Segment Start: DATA SHOWN
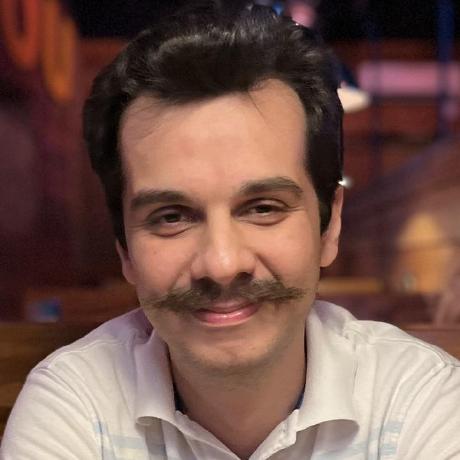 Reykkr Mohamad Ali Ghaddar Github - Best Minimal Pictures in Desktop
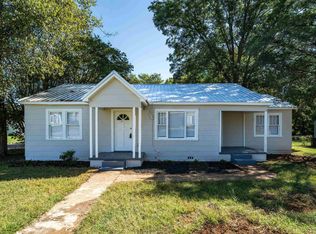 2201 14th St SW, Huntsville, AL 35805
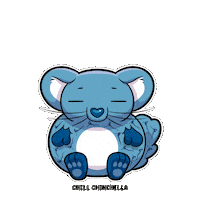 Happy Kids Sticker by VeeFriends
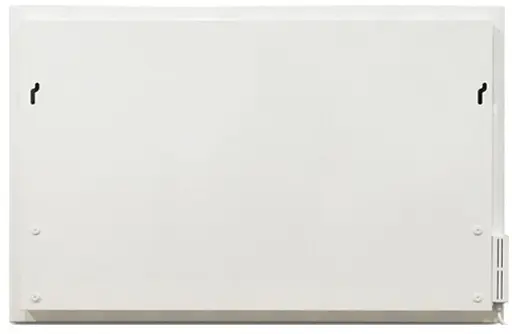 Панель Teploceramic керамічна електронагрівальна (ІЧ + конвекція) - фото 3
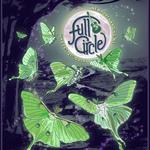 Full Circle Festival 2026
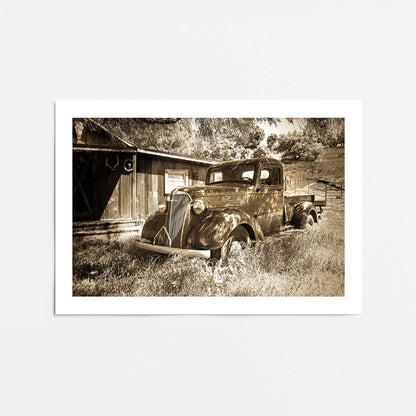 [Color:Rolled Print], Picture of close up of art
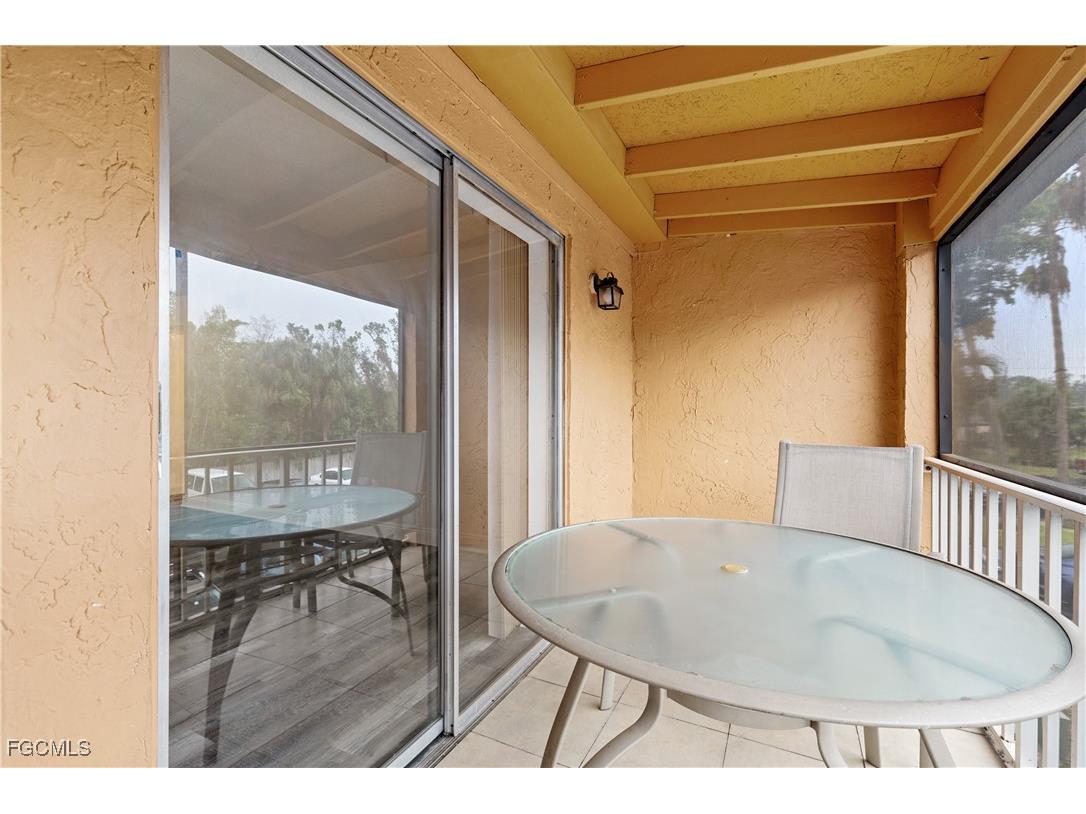 12658 Kenwood Lane #D Fort Myers FL 33907 2026000295 image21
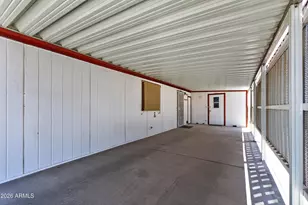 3700 S Tomahawk Rd, Apache Junction, AZ 85119 - Photo 20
Segment End: DATA SHOWN
_INSTRUCTIONS TO FOLLOW_. Copy out only the lines from the one containing "Панель Teploceramic керамічна" to the end of the entries, unchanged. Drop the pictures.

_RESPONSE TO THE EXERCISE_.
 Панель Teploceramic керамічна електронагрівальна (ІЧ + конвекція) - фото 3
 Full Circle Festival 2026
 [Color:Rolled Print], Picture of close up of art
 12658 Kenwood Lane #D Fort Myers FL 33907 2026000295 image21
 3700 S Tomahawk Rd, Apache Junction, AZ 85119 - Photo 20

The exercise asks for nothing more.